= Beginning of Section =
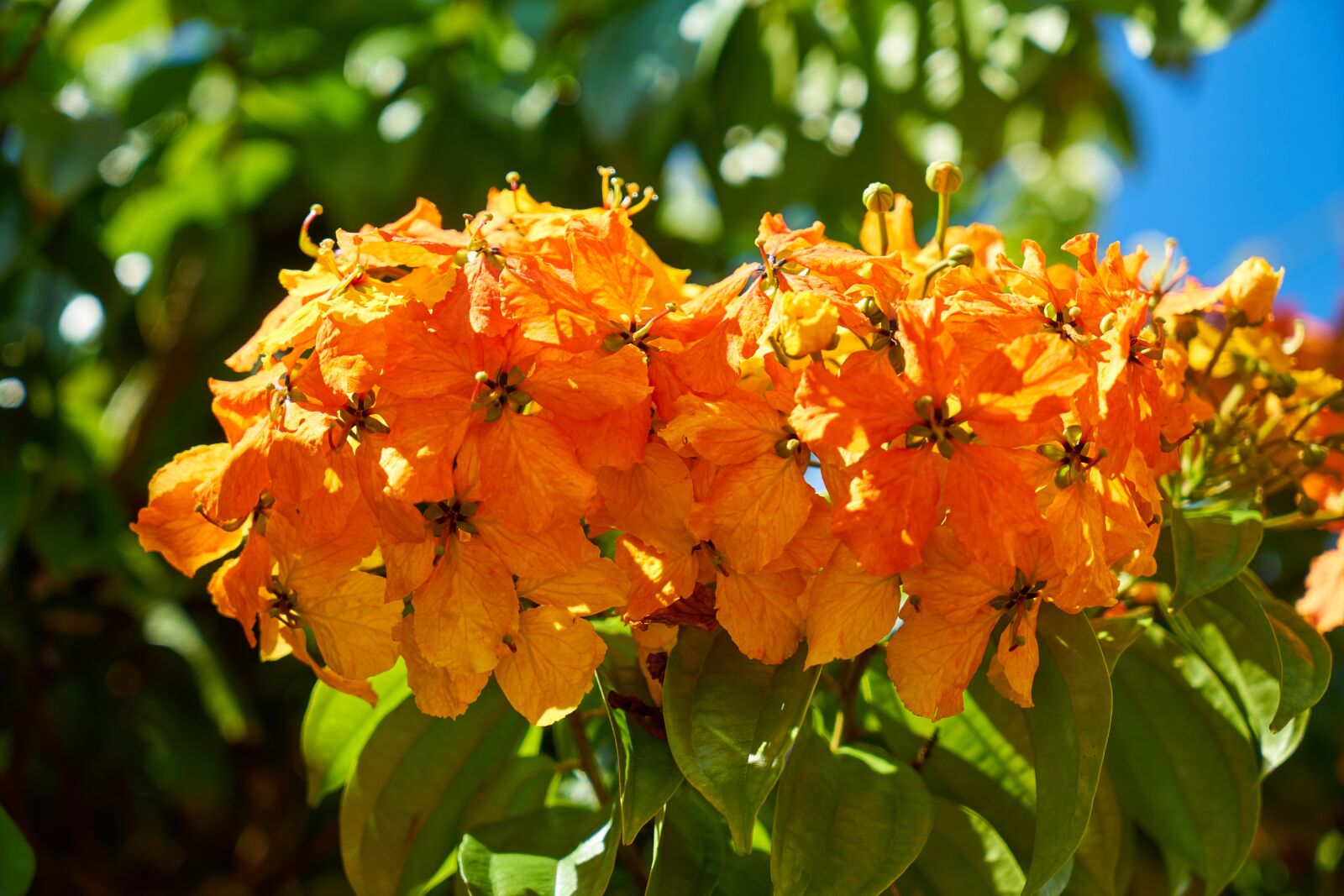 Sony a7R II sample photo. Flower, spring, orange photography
= End of Section =
= Beginning of Section =
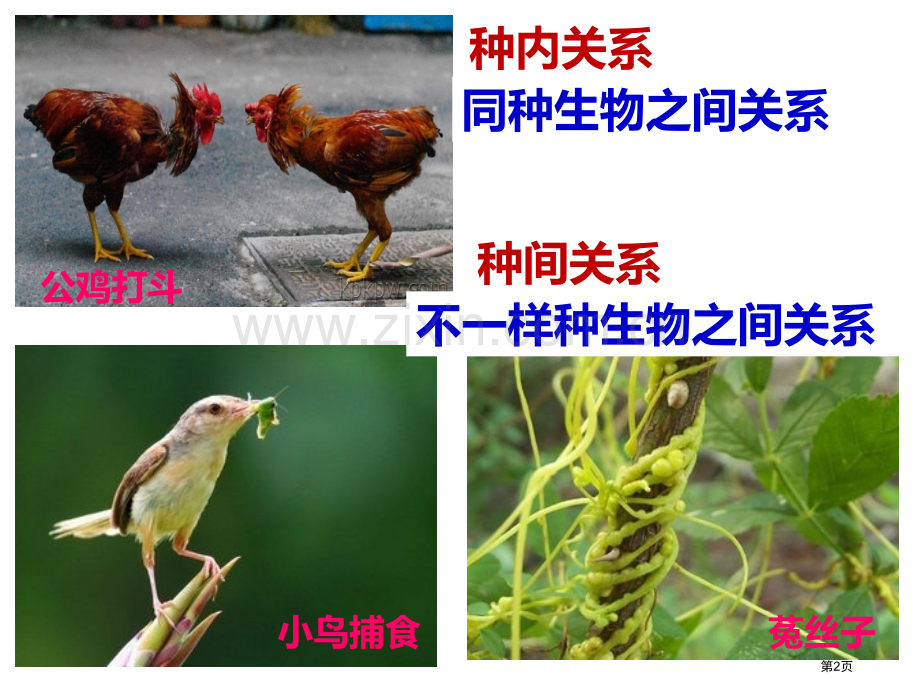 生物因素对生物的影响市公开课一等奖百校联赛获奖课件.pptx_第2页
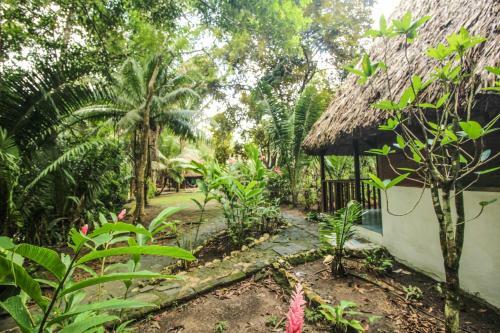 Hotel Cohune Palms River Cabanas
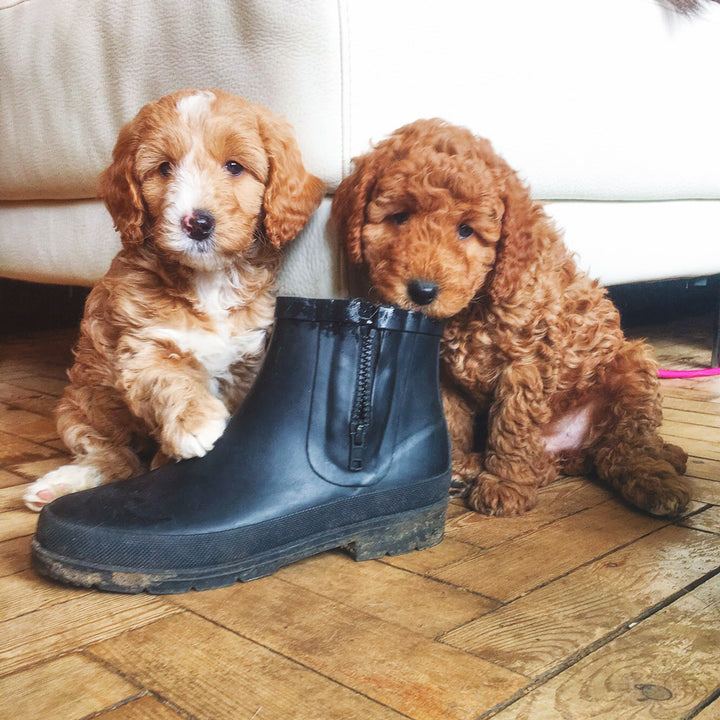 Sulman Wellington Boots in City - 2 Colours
= End of Section =
▶ [Task item]
Although pictures appear among the records above, write out exactly only the lines from the one that has "生物因素对生物的影响市公开课一等奖百校联赛获奖课件.pptx_第2页" through the one that has "Sulman Wellington Boots in City - 2 Colours", and leave the pictures out.

▶ [Result]
 生物因素对生物的影响市公开课一等奖百校联赛获奖课件.pptx_第2页
 Hotel Cohune Palms River Cabanas
 Sulman Wellington Boots in City - 2 Colours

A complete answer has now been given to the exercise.